容辉手持鼓锤,站在门阶上容光焕发,向众人训话:“哎呀,高手,都是内家高手呀!这么多高手,想不到被一群肥羊赶到了山上,丢人哪,真是丢人。大家都是江湖上有头有脸的人物,以后还怎么在江湖上混哪!”
这一语以内力吐出,飘飘扬扬,声震四野,顿时盖过了所有杂音。容辉见千余双眼睛齐刷刷地盯向自己,背后一热,轻咳了一声,接着说:“不过,这不怪大家练功不精,修为低浅,只是被那两万人吓到了。大家出于谨慎,先避其锋芒,是为了保留势力。”见众人点头,心中豁然开朗,又举起鼓槌,口中唾沫芯子直飞:“不过完全没有必要,老实告诉大家,那就是一群肥羊。他们每个人身上不是带着三百两,就是带着五百两!”

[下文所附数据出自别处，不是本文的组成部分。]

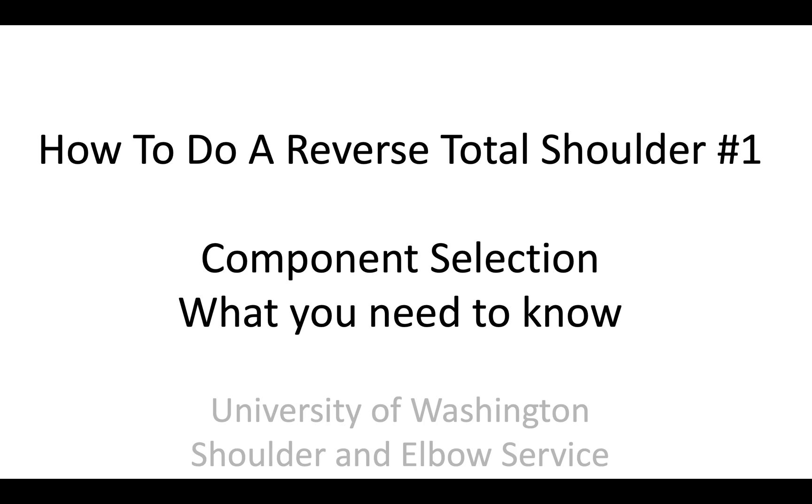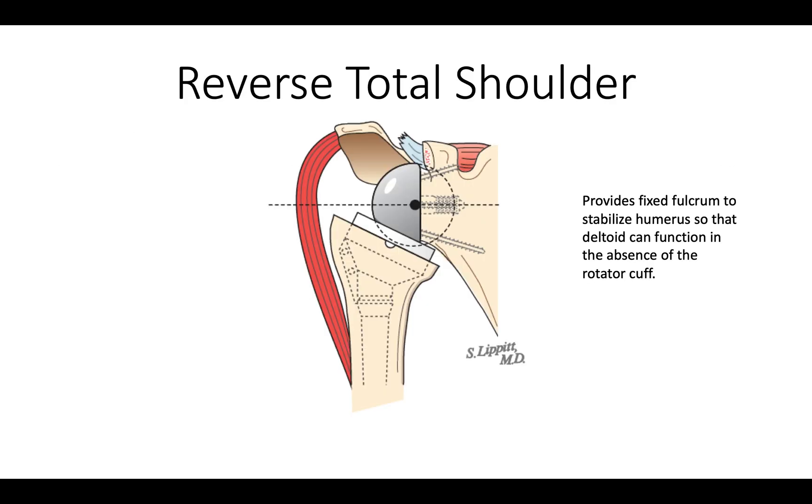This is Rick Mattson from the University of Washington Shoulder and Elbow Service. Let's talk about how to do a reverse total shoulder. First, let's talk about component selection. What we want to do is to have a set of components that allow a fixed fulcrum to stabilize the humerus so the deltoid can function in the absence of a rotator cuff.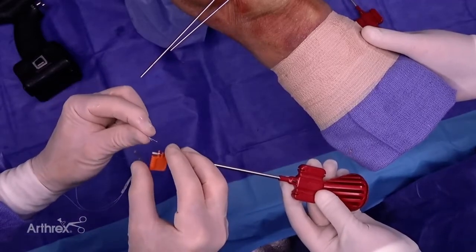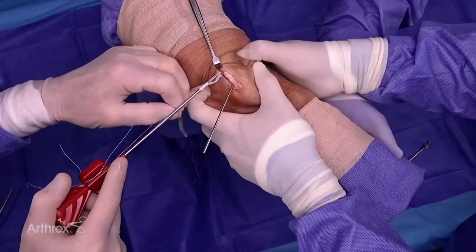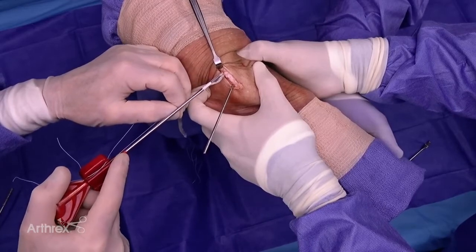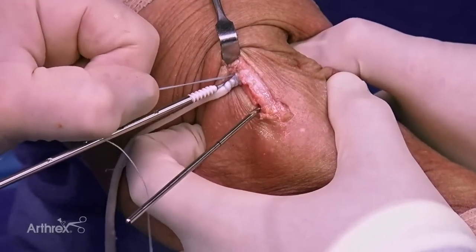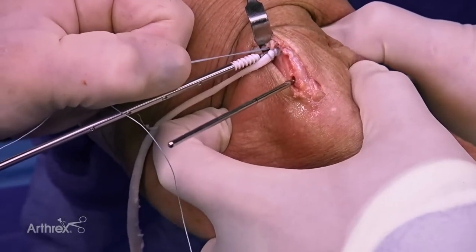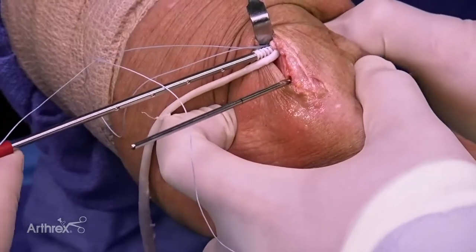We're going to pass our sutures from our graft. This is from a 2-0 fiber loop. Now we're going to insert our graft — the sutured end from a 2-0 fiber loop — with the 3.9 Swivlock in our proximal hole. I like to hold these 2-0 fiber link sutures to make sure that the suture part of the graft goes into the hole with the tip of the fixation device.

容辉说得兴起,就卖出个关子:“大家心里又要问了,带钱,他们是来抢劫的,带钱来干什么呀!”见众人双眼放光,知道说到了点子上,自问自答:“我告诉大家,他们以为自己一来,莲山就唾手可得。可僧多粥少呀,有的人抢不到,就只能花钱买。熊应天可是放出了话来,像本门绝招‘众星环极’,一百两起拍,价高者得!”
“潇璇中秋月下,一招连断六剑。”早已被传为佳话。场中更有会这招护法,忍不住破口大骂:“妹的,找死!”“老货不知天高地厚!”……一片哗然。
容辉乘热打铁,继续扇动:“还有呢!本门三十六式‘绵掌’,三百六十两起拍……不光武学秘籍,红狼还放出狠话:一旦冲上山来,男的当场斩杀,女的虏回去当压寨夫人……”
潇璇看得直皱眉头,不由抚额:“这是在激励士气,意思没错,可这是什么口气,怎么像街头耍把式的!”想到“点兵”和“耍把式”都是擂鼓聚众,确有异曲同工之妙,心里又是好气,又是好笑。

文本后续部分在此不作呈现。